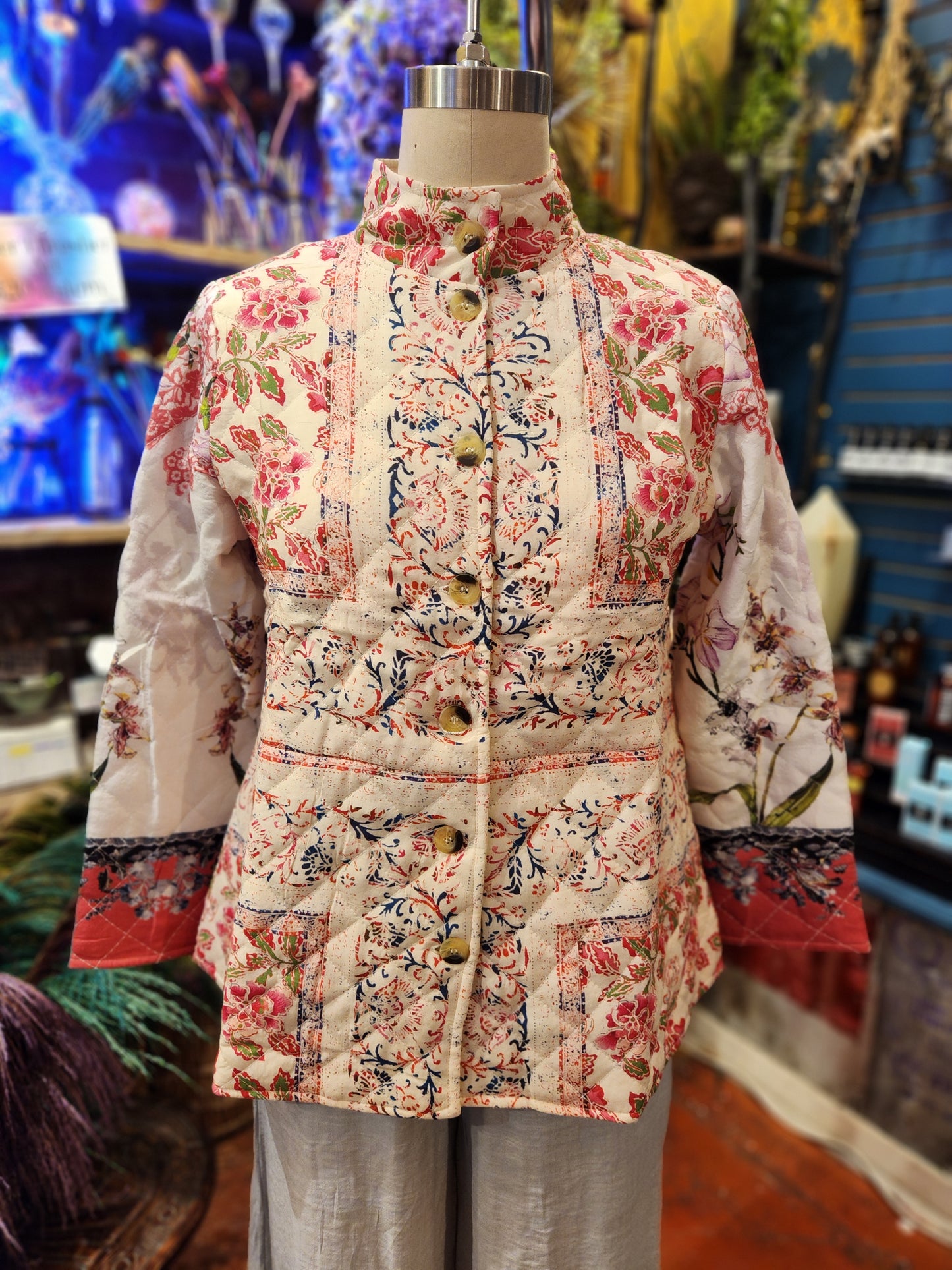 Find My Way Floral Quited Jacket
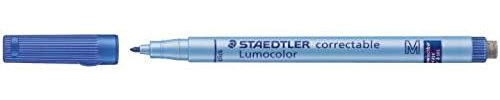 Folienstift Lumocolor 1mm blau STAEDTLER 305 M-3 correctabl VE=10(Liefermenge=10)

...

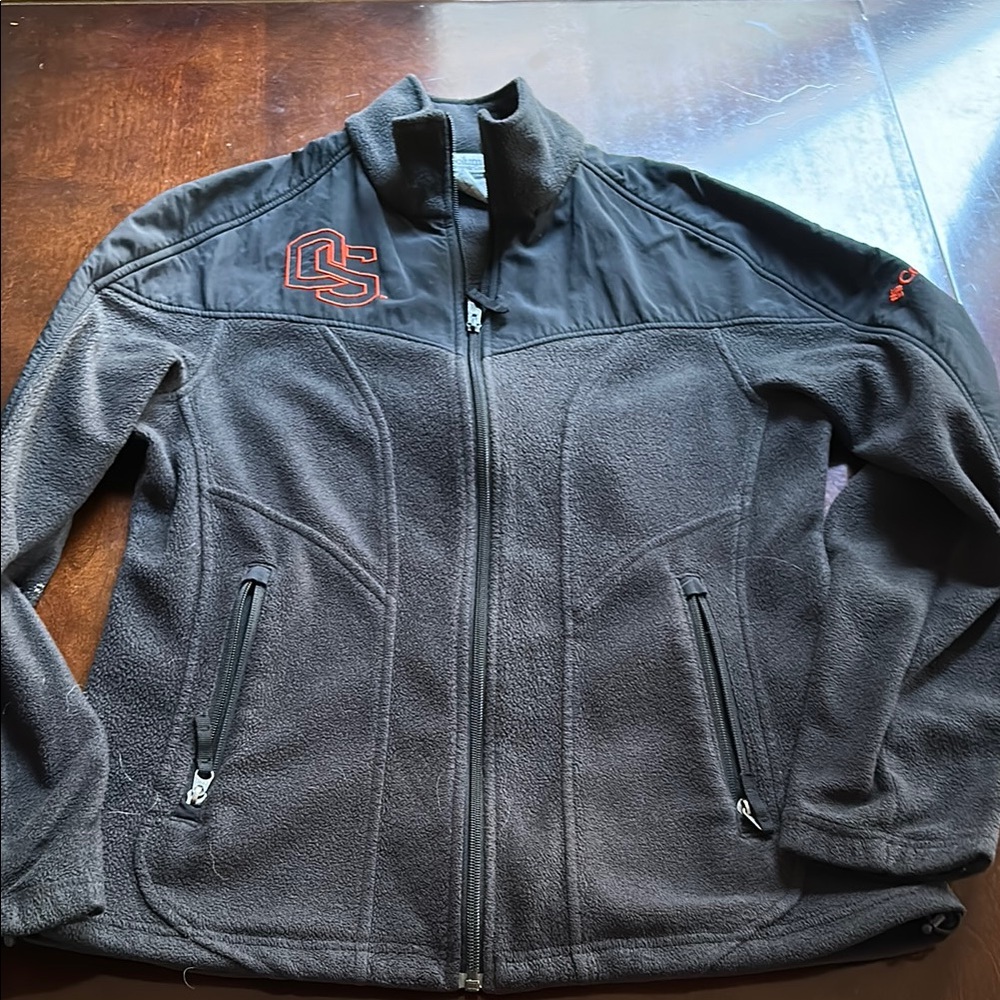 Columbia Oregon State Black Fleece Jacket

- Task instructions -
Write out exactly the lines above between the one with "Find My Way Floral Quited Jacket" and the one with "Folienstift Lumocolor 1mm", inclusive, with pictures left out.

- Solution to this problem -
 Find My Way Floral Quited Jacket
 Folienstift Lumocolor 1mm blau STAEDTLER 305 M-3 correctabl VE=10(Liefermenge=10)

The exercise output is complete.